Reduce heat loss by 20%

Be able to deconstruct the product into a storage space of 2.5 ft by 3 ft by 2 ft.

Be able to withstand water seeping through the connecting sections for a time period of 10 minutes of a constant supply of water.

Description of Analyses:

Analysis: (Design Issues, Calculated Parameters, Best Practices)

1:

Design Issue: 

The Issue presented in the 1st Green Sheet was the design of a square tubular frame for the side panels that could handle a 400 lb. point load. 

Calculated Parameters:

The parameters of the frame are that it must withstand a point load of 400 lb. With this value, the maximum shear and moment that would be applied can be found.

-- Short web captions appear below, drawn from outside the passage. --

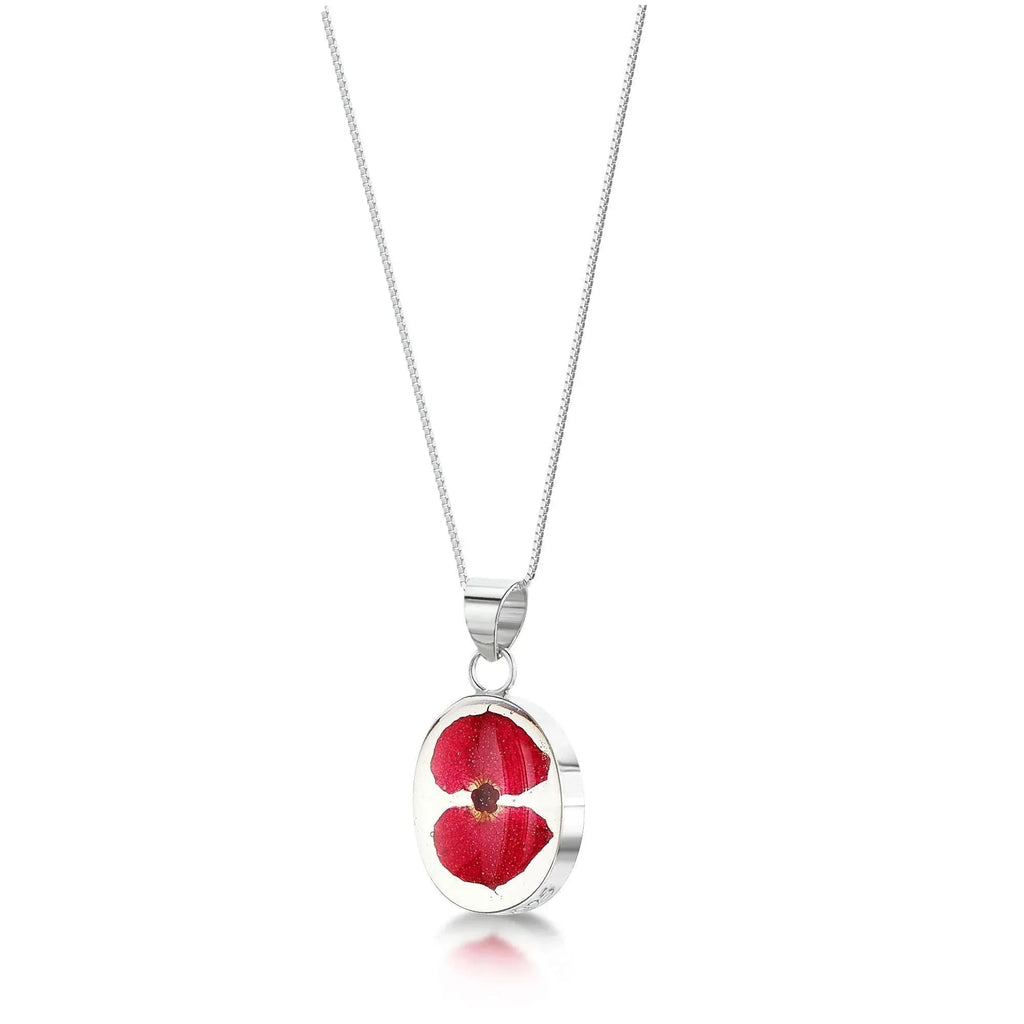 Poppy Oval Pendant Necklace Sterling Silver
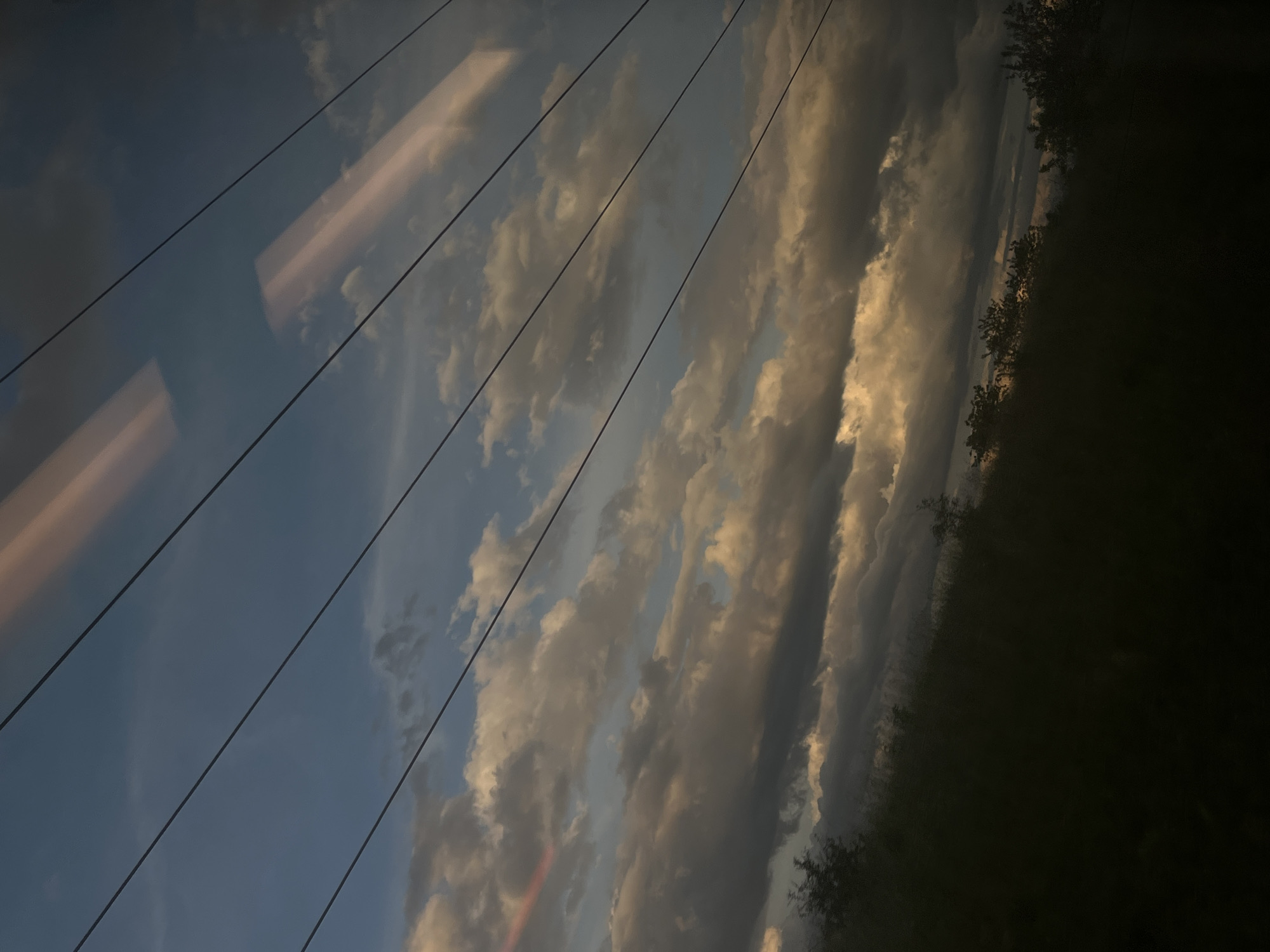 The image depicts a sky filled with dramatic clouds, illuminated by the warm hues of either sunrise or sunset. Several dark, thin wires stretch diagonally across the frame, suggesting they are power lines or telephone wires. There are also rectangular reflections on a surface, possibly a window, which are tinted with soft pinks and whites. Below the sky, a dark, silhouetted band of trees and vegetation forms the horizon line. The overall scene conveys a sense of movement, possibly captured from a moving vehicle like a train or car, given the perspective and the reflections. The location is identified as Erfurt, Germany, but no specific landmarks are visible to confirm this without additional context. There are no people or discernible actions taking place in the image.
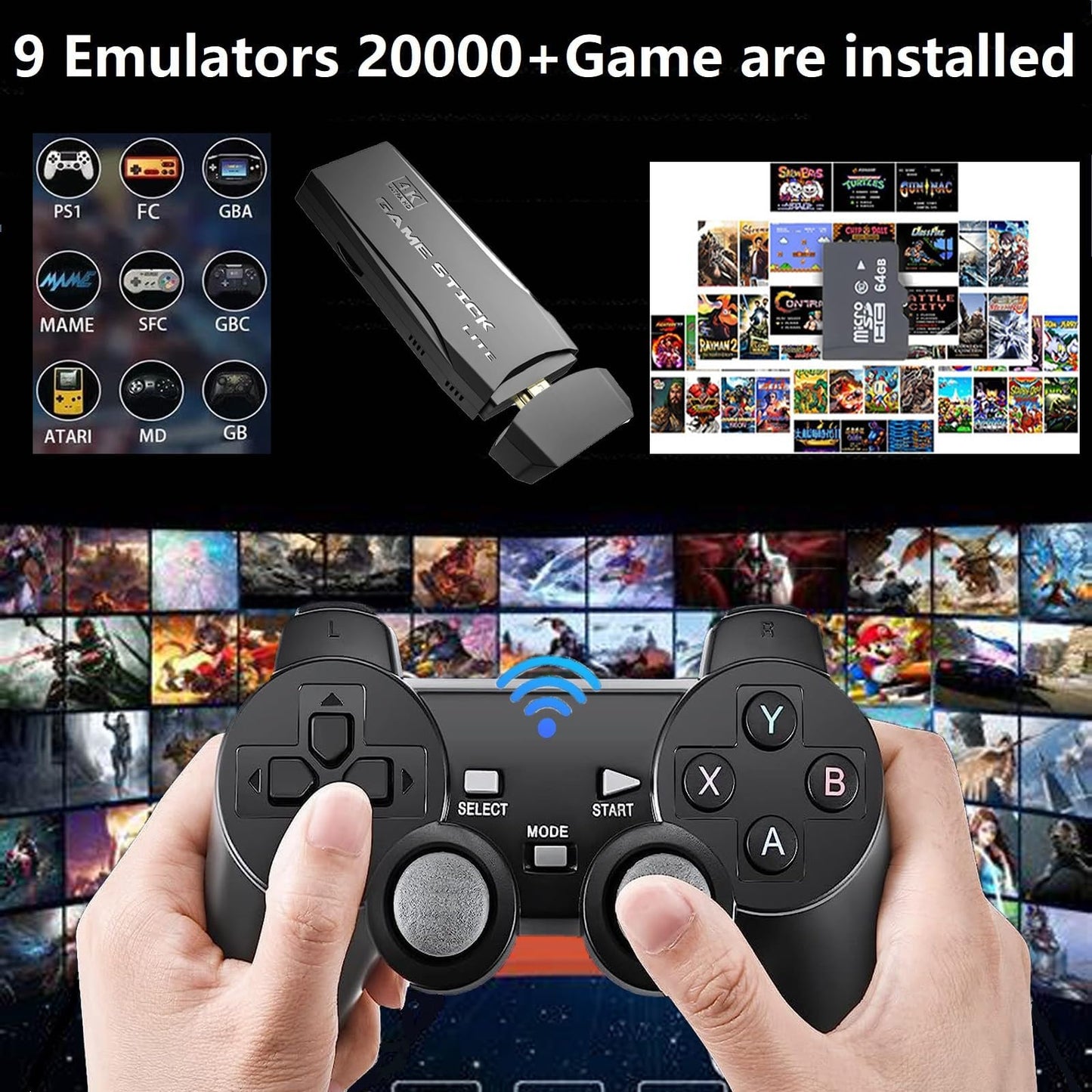 2025 Upgraded Wireless Retro gaming console, Plug & Play Video TV Game Stick with 4K HDMI Output,Built-in 9 Emulators, 20,000+ video games,with Dual 2.4G Wireless Controllers for TV Plug and Play(64G)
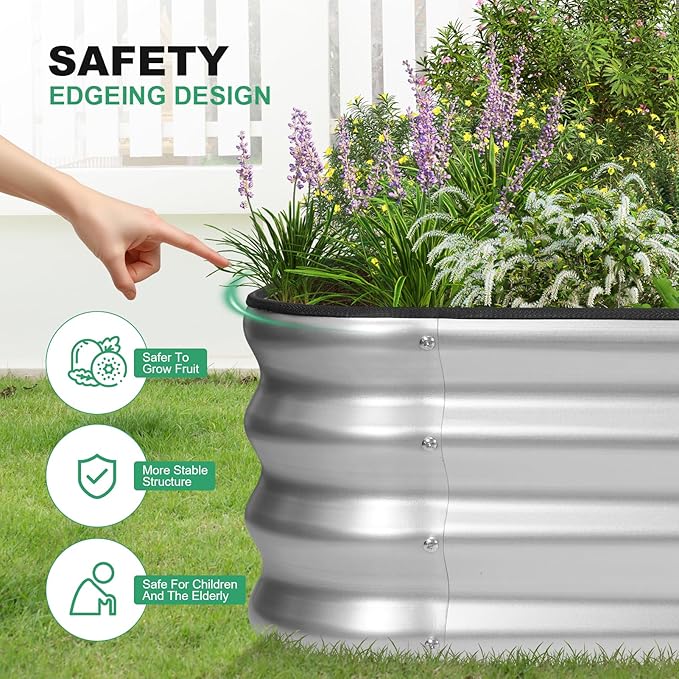 1MORE Raised Garden Bed -8X2X1 Galvanized Planter Box for Outdoor Gardening5 in 1 Modular Raised Bed Kit with Protective Tape Gloves for HerbIdeal for Vegetables and Plants.Sliver-2pack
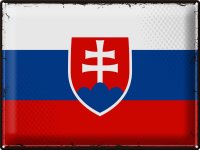 Blechschild Flagge Slowakei 40x30cm Retro Flag of Slovakia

The max. shear and moment values allow for the maximum stress, minimum stress, mean stress, alternating stress, and stress ratio to be calculated.  The stress values give parameters to then find a material with material properties that suffice for the frame design. 

Best Practices:

From the Machine Elements in Mechanical Design 6th Edition the material properties can be found in Table 15-15 for Hollow Tubing. The properties given are; the outside diameter, inside diameter, wall thickness, area, weight/ft, and section properties. These values are then applied in rougefab.com/tube-calculator to find materials that would work for the project. From the website, there were three suggestions for materials that should be used. The three materials are 7075-T6 Aluminum, DOM 1020, and 4130 N. Of these three, DOM 1020 will be used due to it being a material that would be easier to weld. 

2:

Design Issue:

Bolt size needed for a shear force load of 400 pounds at the center of the panel where panels Top Front and Top Rear connect.

Calculated Parameters:

From calculating the moment of inertia, Q and using the shear force given, the shear flow can be calculated. This gives the shear force per nail in the spacing they are orientated in. With this force, the bolt size requirement can be found.

Best Practices:

Using 4140 annealed steel will allow you to use ¼” bolts. Depending on the bolts used, the size of the bolts can vary. The other option is to use more bolts which will allow you to use a smaller diameter bolt. 

3:

Design Issue: 

Calculating the critical load the side panel tubular frame can handle before it would buckle. 

Calculated Parameters:

By calculating the radius of gyration, slenderness ratio, column constant and applying the fixidity of the beam structure you then have to choose the Johnson formula to calculate the critical load. 

Best Practices:

With the value calculated there should not be a problem with the tubular frame buckling. 

4:

Design Issue:

Calculating the angle of deflection at a load to then calculate the flexural rigidity of the composite layup. 

Calculated Parameters:

By applying the equation for beam deflection under a 3-point load you can find the angle of deflection with a certain load applied. 

Best Practices:

To get more practical values a test specimen will be made to verify the value and then apply it to the flexural rigidity equation.

5:

Design Issue:

Evaluating the things to consider when applying the lay-up process. 

Calculated Parameters:

Layers Involved: (top to bottom) 

1.Plastic 2. Breather Material 3. Teflon Paper 4. Peel Ply 5. Fiberglass layup (three layers if e-glass is used) in the orientation of 0 degrees, 45 degrees, -45 degrees. 6. Foam Core 7. Fiberglass layup (three layers if e-glass is used) in the orientation of 0 degrees, 45 degrees, -45 degrees. 8. Peel Ply 9. Teflon Paper 10. Breather Material 11. Plastic. Make sure there are spots to attach a vacuum system. Use sealant to seal the upper and lower plastic layers.

Best Practices:

Remove excess resin

The epoxy to resin ratio is; for every 1 oz. of fabric that is used, 2.5 oz. of resin should be used.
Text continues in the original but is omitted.